Brenda Wineapple at The New York Times:
If the American writer Constance Fenimore Woolson is remembered at all, it’s mostly for her dresses. And these weren’t just any dresses. These were the dark silk ones that, after her sudden death, Henry James presumably tried to drown in a Venetian lagoon, hurling them from his gondola and jabbing them with a pole to keep them from rising. But he failed, and to Woolson’s admirers his failure is symbolic: You can’t keep this good writer down.
Woolson’s latest advocate is Anne Boyd Rioux, a professor of English at the University of New Orleans, whose very reliable “Constance Fenimore Woolson: Portrait of a Lady Novelist” resurrects her subject as a pioneering author who chose a literary career over the more conventional options of marriage and motherhood, a choice made in spite of the debilitating depressions that plagued her and her family.

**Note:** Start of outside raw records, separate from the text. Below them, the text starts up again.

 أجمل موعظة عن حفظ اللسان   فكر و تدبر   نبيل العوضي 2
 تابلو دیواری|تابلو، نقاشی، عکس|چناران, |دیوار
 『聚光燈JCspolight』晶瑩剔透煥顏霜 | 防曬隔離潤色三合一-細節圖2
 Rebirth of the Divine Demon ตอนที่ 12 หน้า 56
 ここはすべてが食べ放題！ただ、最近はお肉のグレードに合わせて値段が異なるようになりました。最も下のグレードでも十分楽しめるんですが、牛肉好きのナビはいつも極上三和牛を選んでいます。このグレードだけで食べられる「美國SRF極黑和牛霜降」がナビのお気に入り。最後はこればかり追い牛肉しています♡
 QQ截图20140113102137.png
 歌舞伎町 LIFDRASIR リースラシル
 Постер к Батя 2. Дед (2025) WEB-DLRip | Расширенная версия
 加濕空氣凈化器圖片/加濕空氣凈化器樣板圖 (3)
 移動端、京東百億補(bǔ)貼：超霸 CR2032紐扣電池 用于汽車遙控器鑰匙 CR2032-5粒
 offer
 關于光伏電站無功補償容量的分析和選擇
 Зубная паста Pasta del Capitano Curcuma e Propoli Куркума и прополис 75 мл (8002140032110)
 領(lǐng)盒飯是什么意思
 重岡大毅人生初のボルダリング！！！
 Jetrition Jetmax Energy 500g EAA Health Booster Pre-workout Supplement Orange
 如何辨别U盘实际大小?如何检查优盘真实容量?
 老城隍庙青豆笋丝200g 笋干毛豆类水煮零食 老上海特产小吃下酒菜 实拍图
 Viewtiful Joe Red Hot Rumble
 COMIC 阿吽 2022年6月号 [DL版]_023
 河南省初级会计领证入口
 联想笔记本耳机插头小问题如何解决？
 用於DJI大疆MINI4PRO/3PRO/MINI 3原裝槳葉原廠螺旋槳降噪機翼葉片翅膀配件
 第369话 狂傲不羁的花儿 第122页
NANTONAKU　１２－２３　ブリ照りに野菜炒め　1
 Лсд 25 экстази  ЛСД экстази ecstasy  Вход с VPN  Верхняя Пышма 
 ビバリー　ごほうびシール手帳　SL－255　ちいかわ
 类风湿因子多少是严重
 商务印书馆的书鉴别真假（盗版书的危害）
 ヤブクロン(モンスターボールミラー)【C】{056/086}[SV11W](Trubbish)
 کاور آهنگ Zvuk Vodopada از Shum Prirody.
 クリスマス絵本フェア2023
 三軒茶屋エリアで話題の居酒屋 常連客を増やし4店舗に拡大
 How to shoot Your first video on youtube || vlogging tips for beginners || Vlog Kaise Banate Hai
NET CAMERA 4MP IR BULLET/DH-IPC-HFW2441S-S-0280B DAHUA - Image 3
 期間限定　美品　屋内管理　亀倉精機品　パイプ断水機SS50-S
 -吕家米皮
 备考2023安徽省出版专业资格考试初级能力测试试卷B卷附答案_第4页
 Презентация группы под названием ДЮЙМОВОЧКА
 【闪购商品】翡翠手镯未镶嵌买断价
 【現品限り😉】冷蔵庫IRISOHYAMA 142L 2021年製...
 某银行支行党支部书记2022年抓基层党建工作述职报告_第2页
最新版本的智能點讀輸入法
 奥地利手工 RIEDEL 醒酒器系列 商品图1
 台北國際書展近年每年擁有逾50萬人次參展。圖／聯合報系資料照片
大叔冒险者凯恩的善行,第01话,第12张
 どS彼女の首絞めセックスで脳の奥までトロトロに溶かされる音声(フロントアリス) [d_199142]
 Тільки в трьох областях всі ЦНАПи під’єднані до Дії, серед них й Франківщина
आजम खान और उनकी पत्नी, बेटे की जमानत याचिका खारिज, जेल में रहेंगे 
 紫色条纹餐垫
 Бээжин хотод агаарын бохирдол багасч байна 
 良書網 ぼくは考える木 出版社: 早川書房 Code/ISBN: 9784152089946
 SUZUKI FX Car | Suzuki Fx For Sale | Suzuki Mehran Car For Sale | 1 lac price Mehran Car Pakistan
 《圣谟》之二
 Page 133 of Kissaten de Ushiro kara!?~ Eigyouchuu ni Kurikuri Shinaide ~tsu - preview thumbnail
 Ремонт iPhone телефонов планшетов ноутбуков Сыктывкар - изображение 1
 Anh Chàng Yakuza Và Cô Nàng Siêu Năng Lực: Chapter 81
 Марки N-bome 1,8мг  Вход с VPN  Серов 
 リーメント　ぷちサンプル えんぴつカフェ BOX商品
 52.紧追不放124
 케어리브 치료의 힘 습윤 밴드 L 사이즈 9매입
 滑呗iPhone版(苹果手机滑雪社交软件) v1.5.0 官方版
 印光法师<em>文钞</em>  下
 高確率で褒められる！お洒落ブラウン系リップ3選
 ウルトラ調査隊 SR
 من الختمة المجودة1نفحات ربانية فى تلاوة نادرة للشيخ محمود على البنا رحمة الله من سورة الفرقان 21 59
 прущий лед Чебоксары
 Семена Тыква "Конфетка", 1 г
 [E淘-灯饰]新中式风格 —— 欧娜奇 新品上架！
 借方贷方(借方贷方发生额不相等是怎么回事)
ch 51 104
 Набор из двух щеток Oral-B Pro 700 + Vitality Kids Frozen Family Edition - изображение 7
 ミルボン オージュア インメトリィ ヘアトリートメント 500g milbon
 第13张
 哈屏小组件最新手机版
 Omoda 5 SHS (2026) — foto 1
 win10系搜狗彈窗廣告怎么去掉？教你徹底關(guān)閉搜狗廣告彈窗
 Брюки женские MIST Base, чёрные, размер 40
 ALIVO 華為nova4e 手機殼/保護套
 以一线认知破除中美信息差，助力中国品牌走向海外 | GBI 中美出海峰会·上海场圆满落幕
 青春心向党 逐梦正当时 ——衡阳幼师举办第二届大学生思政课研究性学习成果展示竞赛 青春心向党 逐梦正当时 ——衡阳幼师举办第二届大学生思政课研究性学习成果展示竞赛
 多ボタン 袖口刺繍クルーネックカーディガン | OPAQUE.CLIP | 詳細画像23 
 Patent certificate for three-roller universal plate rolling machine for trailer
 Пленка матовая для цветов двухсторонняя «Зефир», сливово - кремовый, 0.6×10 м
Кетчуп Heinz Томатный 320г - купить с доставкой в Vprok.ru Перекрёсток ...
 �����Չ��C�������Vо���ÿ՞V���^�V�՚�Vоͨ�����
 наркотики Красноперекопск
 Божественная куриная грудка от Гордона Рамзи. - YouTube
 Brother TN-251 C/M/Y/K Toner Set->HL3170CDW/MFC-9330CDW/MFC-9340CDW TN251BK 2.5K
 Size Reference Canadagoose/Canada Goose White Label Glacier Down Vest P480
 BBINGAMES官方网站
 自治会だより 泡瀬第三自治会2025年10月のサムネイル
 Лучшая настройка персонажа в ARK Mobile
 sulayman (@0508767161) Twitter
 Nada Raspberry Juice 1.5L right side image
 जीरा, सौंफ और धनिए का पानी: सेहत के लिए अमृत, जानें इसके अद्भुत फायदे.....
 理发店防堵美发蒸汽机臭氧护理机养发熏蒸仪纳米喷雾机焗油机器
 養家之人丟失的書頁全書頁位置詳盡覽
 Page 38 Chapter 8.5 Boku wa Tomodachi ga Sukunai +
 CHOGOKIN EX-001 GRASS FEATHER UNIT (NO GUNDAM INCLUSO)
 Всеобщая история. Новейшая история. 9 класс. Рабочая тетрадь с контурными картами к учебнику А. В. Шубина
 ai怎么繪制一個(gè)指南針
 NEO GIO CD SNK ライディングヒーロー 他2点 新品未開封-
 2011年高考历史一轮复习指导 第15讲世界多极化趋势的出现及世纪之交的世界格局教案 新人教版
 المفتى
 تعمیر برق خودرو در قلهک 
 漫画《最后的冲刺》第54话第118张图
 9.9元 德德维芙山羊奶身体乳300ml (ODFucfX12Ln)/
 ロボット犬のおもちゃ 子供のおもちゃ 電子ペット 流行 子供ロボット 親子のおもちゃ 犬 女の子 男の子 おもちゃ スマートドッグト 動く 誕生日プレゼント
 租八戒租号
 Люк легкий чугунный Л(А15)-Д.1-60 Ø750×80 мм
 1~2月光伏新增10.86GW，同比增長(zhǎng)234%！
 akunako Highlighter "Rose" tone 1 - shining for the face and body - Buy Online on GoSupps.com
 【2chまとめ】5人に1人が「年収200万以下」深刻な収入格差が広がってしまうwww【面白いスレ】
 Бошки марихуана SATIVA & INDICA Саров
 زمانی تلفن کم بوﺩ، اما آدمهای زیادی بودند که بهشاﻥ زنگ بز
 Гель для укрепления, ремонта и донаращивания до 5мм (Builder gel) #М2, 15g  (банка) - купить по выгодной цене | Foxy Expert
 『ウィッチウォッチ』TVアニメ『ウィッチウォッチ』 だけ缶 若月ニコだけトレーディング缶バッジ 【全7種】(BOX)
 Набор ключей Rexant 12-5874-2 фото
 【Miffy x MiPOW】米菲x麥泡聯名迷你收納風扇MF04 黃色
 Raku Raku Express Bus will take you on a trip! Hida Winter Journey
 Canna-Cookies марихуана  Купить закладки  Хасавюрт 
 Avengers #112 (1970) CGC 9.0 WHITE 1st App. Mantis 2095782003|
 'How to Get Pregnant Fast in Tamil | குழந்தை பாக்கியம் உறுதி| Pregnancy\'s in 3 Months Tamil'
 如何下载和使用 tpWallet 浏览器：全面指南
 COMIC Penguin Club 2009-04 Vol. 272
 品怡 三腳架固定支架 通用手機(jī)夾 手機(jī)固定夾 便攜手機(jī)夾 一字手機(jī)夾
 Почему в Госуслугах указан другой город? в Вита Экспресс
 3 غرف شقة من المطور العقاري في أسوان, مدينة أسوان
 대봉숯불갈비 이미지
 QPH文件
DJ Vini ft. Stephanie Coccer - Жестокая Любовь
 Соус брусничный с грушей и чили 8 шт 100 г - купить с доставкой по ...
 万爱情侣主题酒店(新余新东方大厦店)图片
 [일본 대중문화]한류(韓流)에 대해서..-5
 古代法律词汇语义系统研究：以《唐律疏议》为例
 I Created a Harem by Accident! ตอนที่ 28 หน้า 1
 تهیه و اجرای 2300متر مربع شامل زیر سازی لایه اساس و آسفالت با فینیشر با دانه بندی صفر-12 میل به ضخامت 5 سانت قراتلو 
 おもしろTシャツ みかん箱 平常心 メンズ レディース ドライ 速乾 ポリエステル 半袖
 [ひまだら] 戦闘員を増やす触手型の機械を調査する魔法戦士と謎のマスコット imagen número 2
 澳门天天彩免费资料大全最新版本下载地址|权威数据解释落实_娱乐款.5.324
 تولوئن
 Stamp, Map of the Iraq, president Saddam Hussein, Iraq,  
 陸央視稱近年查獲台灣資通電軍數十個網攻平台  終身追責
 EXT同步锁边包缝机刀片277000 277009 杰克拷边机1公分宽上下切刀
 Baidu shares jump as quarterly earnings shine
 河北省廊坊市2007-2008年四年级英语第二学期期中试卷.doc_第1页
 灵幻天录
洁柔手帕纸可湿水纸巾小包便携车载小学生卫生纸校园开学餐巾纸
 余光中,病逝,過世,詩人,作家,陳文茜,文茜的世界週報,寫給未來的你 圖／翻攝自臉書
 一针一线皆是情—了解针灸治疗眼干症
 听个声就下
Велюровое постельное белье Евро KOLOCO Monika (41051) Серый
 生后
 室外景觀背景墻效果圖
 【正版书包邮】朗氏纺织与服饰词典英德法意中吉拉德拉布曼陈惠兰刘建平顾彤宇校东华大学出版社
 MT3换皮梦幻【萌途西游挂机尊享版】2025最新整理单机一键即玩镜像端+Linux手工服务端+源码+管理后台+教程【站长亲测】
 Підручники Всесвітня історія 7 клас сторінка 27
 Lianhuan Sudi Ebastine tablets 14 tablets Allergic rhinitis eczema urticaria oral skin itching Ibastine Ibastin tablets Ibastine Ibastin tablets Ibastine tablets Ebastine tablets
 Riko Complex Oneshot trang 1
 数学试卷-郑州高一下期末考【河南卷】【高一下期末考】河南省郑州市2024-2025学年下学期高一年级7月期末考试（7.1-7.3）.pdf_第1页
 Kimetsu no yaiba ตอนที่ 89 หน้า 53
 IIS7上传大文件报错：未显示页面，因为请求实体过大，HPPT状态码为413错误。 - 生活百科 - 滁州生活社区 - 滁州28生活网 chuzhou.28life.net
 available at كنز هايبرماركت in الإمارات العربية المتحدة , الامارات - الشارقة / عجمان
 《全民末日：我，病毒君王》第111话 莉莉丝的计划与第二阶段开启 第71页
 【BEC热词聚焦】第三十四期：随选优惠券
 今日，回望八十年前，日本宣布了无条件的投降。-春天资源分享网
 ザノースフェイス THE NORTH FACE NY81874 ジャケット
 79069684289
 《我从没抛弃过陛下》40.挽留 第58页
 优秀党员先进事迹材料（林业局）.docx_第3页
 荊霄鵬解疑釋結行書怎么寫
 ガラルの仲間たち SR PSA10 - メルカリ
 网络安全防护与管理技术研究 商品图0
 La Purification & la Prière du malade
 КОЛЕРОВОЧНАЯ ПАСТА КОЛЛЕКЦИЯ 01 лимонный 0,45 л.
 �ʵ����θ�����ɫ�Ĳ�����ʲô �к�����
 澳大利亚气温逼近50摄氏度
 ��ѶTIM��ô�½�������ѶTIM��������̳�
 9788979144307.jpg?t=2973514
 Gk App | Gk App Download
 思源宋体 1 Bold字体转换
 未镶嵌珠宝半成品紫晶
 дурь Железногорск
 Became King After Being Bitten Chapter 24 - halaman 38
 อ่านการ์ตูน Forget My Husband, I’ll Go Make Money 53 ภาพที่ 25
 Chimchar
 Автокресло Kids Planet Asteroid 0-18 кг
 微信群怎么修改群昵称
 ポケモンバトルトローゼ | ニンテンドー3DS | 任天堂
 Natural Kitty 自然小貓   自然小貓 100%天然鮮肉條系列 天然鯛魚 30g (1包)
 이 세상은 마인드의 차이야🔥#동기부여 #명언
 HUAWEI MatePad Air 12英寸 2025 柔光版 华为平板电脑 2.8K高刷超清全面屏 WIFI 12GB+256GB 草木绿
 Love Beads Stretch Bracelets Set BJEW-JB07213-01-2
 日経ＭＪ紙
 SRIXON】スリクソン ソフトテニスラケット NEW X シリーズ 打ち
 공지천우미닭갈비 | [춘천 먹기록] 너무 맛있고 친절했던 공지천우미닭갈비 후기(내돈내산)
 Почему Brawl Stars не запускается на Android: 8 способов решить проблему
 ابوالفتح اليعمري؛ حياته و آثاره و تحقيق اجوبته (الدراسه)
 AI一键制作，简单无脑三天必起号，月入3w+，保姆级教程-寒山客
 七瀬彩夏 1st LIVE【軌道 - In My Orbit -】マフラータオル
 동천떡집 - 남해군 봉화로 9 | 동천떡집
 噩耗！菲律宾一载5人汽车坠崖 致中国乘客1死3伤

Woolson’s bookish father, a prosperous New England stove manufacturer, was an insecure man whose deafness intensified his inherent melancholy, and the deaths of three of her older sisters, weeks after Woolson’s birth in 1840, so devastated her mother that she never recovered. In the aftermath, the Woolsons moved to Cleveland, but more family tragedy — the sudden deaths of two more sisters, shortly after they married — persuaded the 13-year-old Woolson to fear “the ways women gave up their health and even their lives to love and marriage.”